La incidencia del cáncer de vejiga guarda relación directa con la duración del hábito de fumar y el número de cigarrillos fumados al día.(4) En un metaanálisis reciente se revisaron 216 estudios observacionales sobre tabaquismo y cáncer realizados entre 1961 y 2003, en los que se presentaron estimaciones de fumadores activos o ex fumadores. Las estimaciones conjuntas del riesgo de cáncer de vejiga revelaron una asociación significativa en los fumadores activos y ex fumadores.
En un análisis de 21 estudios, el riesgo relativo global calculado para los fumadores activos fue de 2,77 (intervalo de confianza [IC] del 95%: 2,17‐3,54), mientras que un análisis de 15 estudios reveló que el riesgo relativo global calculado para los ex fumadores fue de 1,72 (IC del 95 %: 1,46‐2,04).(5) Se observó una disminución inmediata del riesgo de cáncer de vejiga en los que dejaron de fumar. Esta reducción rondó el 40% en los 1‐4 años siguientes a dejar de fumar y el 60 % después de 25 años, si bien el abandono del hábito tabáquico no disminuye el riesgo al nivel basal de los no fumadores.
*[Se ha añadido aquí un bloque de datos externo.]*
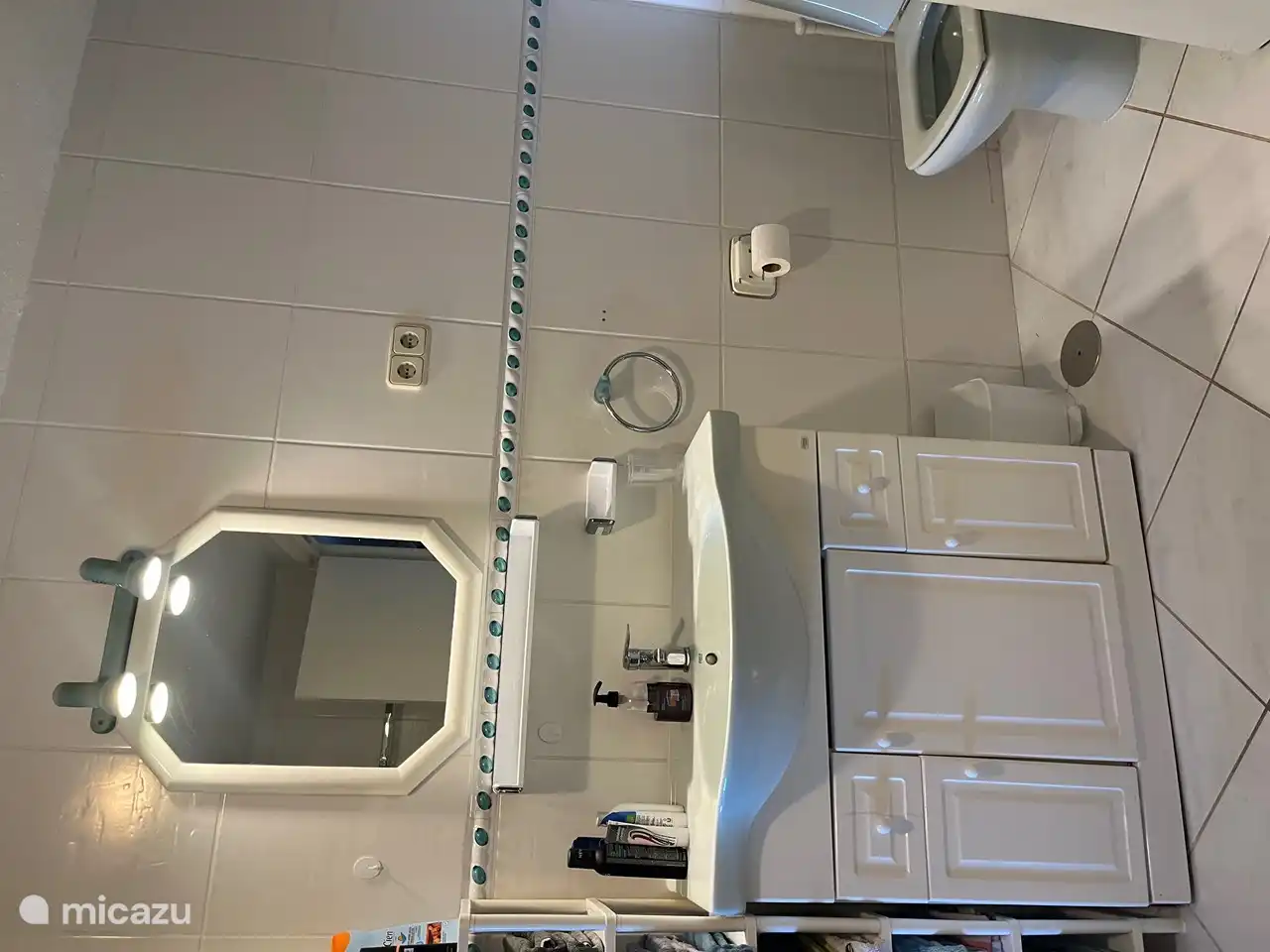 Badezimmer mit Waschbecken, Dusche, Toilette und Waschmaschine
- Exposición laboral a sustancias químicas
La exposición laboral es el segundo factor de riesgo más importante de cáncer de vejiga. Los casos relacionados con el trabajo supusieron el 20‐25 % de todos los casos de cáncer de vejiga en varias series. Los compuestos implicados en la exposición a sustancias químicas han sido derivados del benceno y arilaminas (2‐naftilamina, 4‐PBA, 4,4’‐metilenodianilina y o‐toluidina) y es probable que se produzca en profesiones en las que se emplean colorantes, gomas, tejidos, pinturas, cueros y productos químicos.
- Radioterapia
Se han descrito mayores tasas de neoplasias vesicales malignas secundarias después de aplicar radioterapia externa (RTE) por neoplasias ginecológicas malignas o tras el tratamiento del cáncer de próstata, como revela un estudio de cohortes poblacional en el que se identificó a 243.082 varones tratados por cáncer de próstata entre 1988 y 2003 en la base de datos estadounidense SEER (Surveillance, Epidemiology and End Results). Las razones de incidencia normalizadas para el cáncer de vejiga que surge tras una prostatectomía radical (PR), RTE, braquiterapia (BT) y RTE‐BT fueron de 0,99, 1,42, 1,10 y 1,39, respectivamente, en comparación con la población general de los Estados Unidos. Dado que el cáncer de vejiga tarda mucho en desarrollarse, los pacientes tratados con radioterapia a una edad temprana son los que presentan un mayor riesgo y deben ser objeto de un seguimiento estrecho.(6)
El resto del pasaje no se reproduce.